Image Diagnosis: Foot Pain and Fever

William C Krauss, MD, FACEP

Summer 2012 - Volume 16 Number 3


A 59-year-old man with a history of poorly controlled type II diabetes and hypertension presented to the Emergency Department complaining of 5 hours of severe right foot pain and drainage from the plantar surface. He denied trauma or inciting injury. The patient was unable to walk because of the pain. On physical examination, his temperature was 100.2 F; his heart rate was 105 beats/minute; and he had marked tender erythematous induration with a fluid-filled bulla over the dorsum of his foot. There was foul-smelling exudate draining from the first web space. Palpable crepitus was appreciated.

Anterior-posterior (Figure 1) and lateral (Figure 2) films of the foot demonstrate subcutaneous air originating in the dorsum of his foot tracking both to the plantar surface and the posterior ankle region. The patient was treated with broad-spectrum intravenous antibiotics (vancomycin, gentamicin, and metronidazole) and taken to the operating room where an open transmetatarsal amputation took place because of necrotizing fasciitis. Tissue ischemia and "bubbly tissues in the subcutaneous layer" were noted. Tissue cultures grew Enterobacter cloacae, Streptococcus agalactiae, and Staphylococcus aureus. This patient recovered without further complications and was discharged on hospital day 7.

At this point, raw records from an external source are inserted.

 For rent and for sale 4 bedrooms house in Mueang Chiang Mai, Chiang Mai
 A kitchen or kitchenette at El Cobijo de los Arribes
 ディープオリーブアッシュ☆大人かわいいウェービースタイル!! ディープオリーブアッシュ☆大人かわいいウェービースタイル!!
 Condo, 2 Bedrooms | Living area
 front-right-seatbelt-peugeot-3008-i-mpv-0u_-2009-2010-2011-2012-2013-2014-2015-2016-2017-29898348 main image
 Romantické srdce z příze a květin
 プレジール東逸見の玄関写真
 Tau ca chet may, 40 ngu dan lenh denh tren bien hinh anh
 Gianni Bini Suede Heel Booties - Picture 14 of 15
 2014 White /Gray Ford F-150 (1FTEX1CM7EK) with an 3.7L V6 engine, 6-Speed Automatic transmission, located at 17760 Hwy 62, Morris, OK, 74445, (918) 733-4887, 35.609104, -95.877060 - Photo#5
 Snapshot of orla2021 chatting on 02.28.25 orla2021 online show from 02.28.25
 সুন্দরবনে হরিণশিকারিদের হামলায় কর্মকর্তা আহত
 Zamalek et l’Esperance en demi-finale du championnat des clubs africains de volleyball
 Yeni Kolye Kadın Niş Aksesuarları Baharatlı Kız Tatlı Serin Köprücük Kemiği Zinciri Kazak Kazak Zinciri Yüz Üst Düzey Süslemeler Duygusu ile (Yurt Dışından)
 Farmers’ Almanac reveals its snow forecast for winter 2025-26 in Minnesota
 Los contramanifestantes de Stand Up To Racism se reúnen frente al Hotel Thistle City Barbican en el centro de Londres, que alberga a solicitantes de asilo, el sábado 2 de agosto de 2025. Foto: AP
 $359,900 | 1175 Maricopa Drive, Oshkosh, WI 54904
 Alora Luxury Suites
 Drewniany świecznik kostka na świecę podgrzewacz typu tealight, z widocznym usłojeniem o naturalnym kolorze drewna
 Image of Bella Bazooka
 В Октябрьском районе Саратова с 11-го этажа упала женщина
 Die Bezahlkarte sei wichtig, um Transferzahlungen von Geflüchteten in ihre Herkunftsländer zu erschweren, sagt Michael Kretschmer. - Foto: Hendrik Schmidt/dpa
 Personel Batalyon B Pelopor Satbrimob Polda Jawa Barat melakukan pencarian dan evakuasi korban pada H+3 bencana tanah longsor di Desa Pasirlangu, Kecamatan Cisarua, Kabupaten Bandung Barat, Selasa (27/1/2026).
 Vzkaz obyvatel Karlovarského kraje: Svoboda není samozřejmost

Necrotizing fasciitis is characterized by widespread necrosis of the subcutaneous tissue and fascia (as evidenced by air on this patient's plain films). Typical sites for this infection are the lower extremities, abdomen, and perineum.1 The incidence of such infections in the US is estimated at 500 to 1500 cases per year, with a case-fatality rate of 24% and is more commonly associated with injection drug use, diabetes mellitus, immunosuppression, and obesity.2,3

    1.    Roje Z, Roje Z, Matić D, Librenjak D, Dukozović S, Varvodić J. Necrotizing fasciitis: literature review of contemporary strategies for diagnosing and management with three case reports: torso, abdominal wall, upper and lower limbs. World J Emerg Surg 2011 Dec 23;6(1):46.
    2.    Anava DA, Dellinger EP. Necrotizing soft-tissue infection: diagnosis and management. Clin Infect Dis 2007 Mar 1;44(5):705-10.
    3.    O'Loughlin RE, Roberson A, Cieslak PR, et al; Active Bacterial Core Surveillance Team. The epidemiology of invasive group A streptococcal infection and potential vaccine implications: United States 2000-2004. Clin Infect Dis 2007 Oct 1;45(7):853-62.